* RECORD EXTRACTS
- - - - - - -

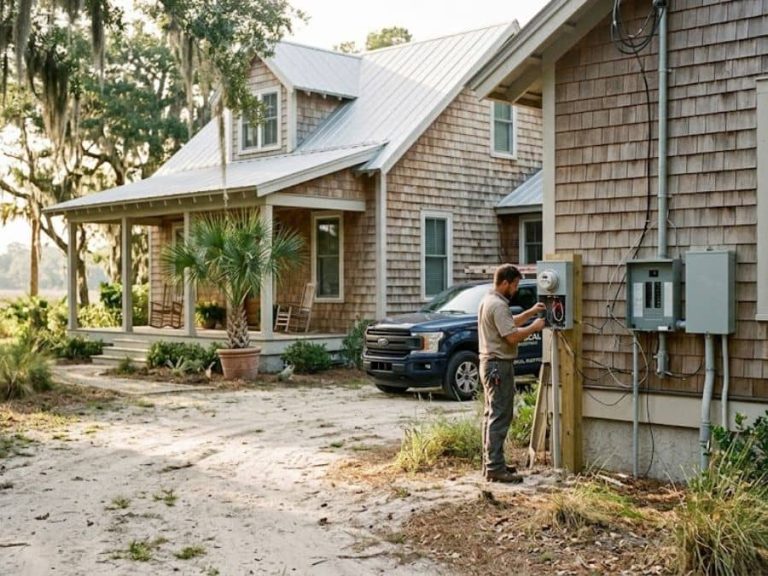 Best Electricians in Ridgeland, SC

- - - - - - -

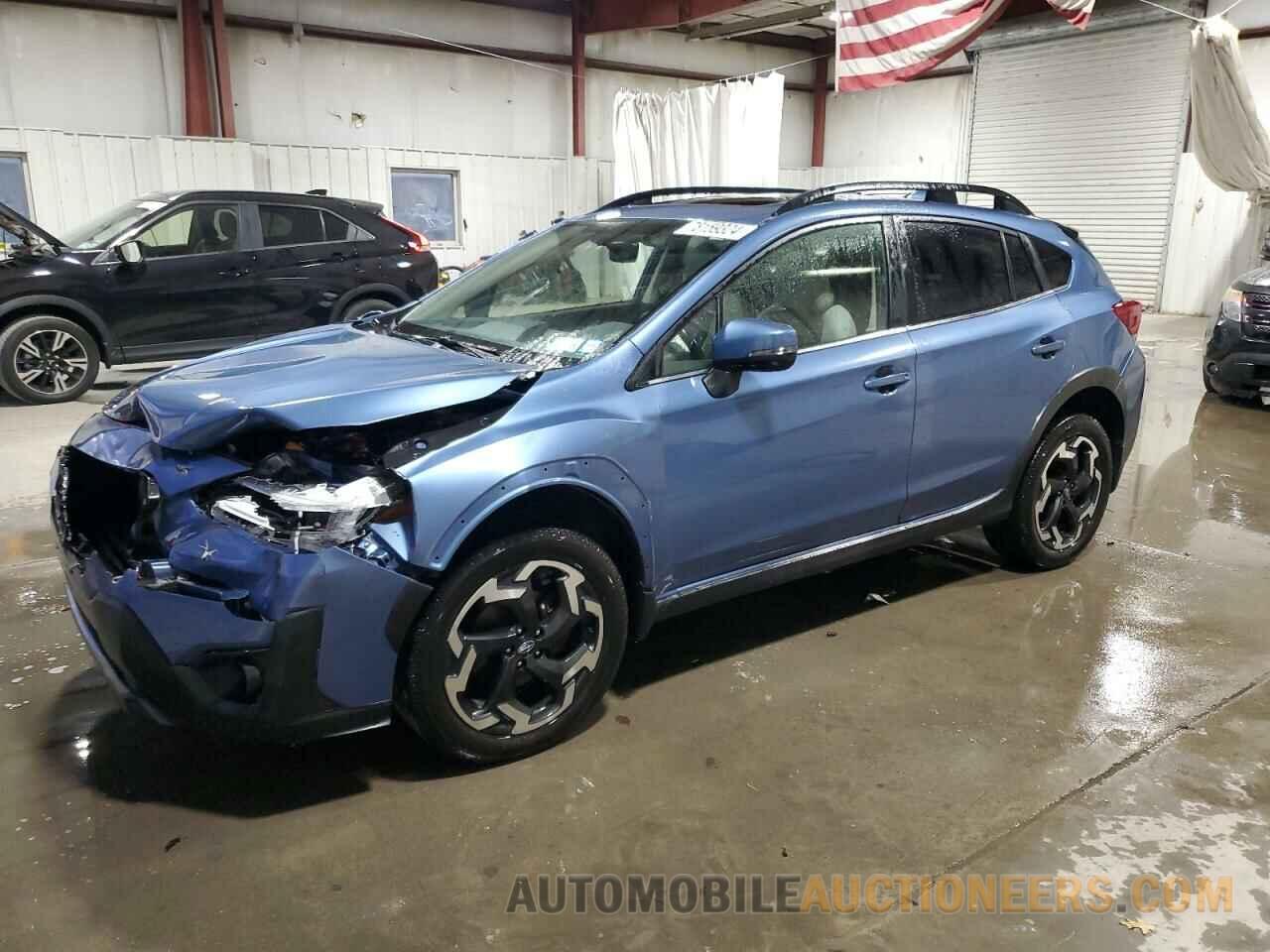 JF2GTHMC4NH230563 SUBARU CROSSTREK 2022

- - - - - - -

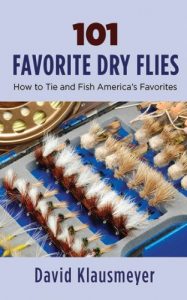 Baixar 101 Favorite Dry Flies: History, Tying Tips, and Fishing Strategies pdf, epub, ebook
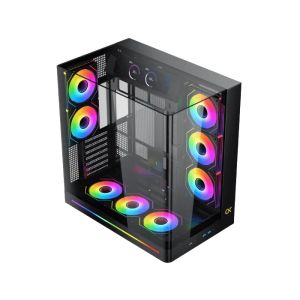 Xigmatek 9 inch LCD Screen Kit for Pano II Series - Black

- - - - - - -

* EXERCISE
In the listing above, find the line containing "Baixar 101 Favorite". Output it and every line after it up to and including the line containing "Xigmatek 9 inch", exactly, but skip the pictures.

* EXPECTED ANSWER
 Baixar 101 Favorite Dry Flies: History, Tying Tips, and Fishing Strategies pdf, epub, ebook
 Xigmatek 9 inch LCD Screen Kit for Pano II Series - Black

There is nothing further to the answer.